When you run the program, it just goes in an infinite loop - it never exits. To determine the cause, you need to run the program under GDB. However, to do this, you need to have the assembler include debugging information in the executable. All you need to do to enable this is to add the --gstabs option to the as command. So, you would assemble it like this:

as --gstabs maximum.s -o maximum.o

Linking would be the same as normal. "stabs" is the debugging format used by GDB. Now, to run the program under the debugger, you would type in gdb ./maximum. Be sure that the source files are in the current directory. The output should look similar to this:

GNU gdb Red Hat Linux (5.2.1-4)
Copyright 2002 Free Software Foundation, Inc.
GDB is free software, covered by the GNU General Public
License, and you are welcome to change it and/or
distribute copies of it under certain conditions. Type
"show copying" to see the conditions. There is
absolutely no warranty for GDB. Type "show warranty"
for details.
This GDB was configured as "i386-redhat-linux"...
(gdb)

Depending on which version of GDB you are running, this output may vary slightly. At this point, the program is loaded, but is not running yet. The debugger is waiting your command. To run your program, just type in run. This will not return, because the program is running in an infinite loop. To stop the program, hit control-c. The screen will then say this:

Starting program: /home/johnnyb/maximum

Program received signal SIGINT, Interrupt.
start_loop () at maximum.s:34
34 movl data_items(,%edi,4), %eax
Current language: auto; currently asm
(gdb)

This tells you that the program was interrupted by the SIGINT signal (from your control-c), and was within the section labelled start_loop, and was executing on line 34 when it stopped. It gives you the code that it is about to execute.

Depending on exactly when you hit control-c, it may have stopped on a different line or a different instruction than the example.

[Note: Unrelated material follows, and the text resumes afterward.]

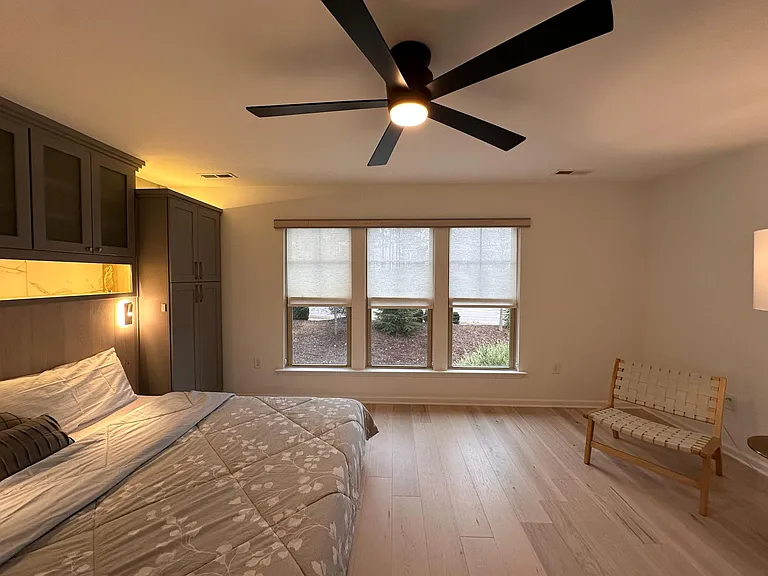 706 Denhoff Dr — Photo 35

One of the best ways to find bugs in a program is to follow the flow of the program to see where it is branching incorrectly. To follow the flow of this program, keep on entering stepi (for "step instruction"), which will cause the computer to execute one instruction at a time. If you do this several times, your output will look something like this:

(gdb) stepi
35 cmpl %ebx, %eax
(gdb) stepi
36 jle start_loop
(gdb) stepi
32 cmpl $0, %eax
(gdb) stepi
33 je loop_exit
(gdb) stepi
34 movl data_items(,%edi,4), %eax
(gdb) stepi
35 cmpl %ebx, %eax
(gdb) stepi
36 jle start_loop
(gdb) step
32 cmpl $0, %eax

As you can tell, it has looped. In general, this is good, since we wrote it to loop. However, the problem is that it is never stopping. Therefore, to find out what the problem is, let's look at the point in our code where we should be exitting the loop:

cmpl  $0, %eax
je loop_exit

Basically, it is checking to see if %eax hits zero. If so, it should exit the loop. There are several things to check here. First of all, you may have left this piece out altogether. It is not uncommon for a programmer to forget to include a way to exit a loop. However, this is not the case here. Second, you should make sure that loop_exit actually is outside the loop. If we put the label in the wrong place, strange things would happen. However, again, this is not the case.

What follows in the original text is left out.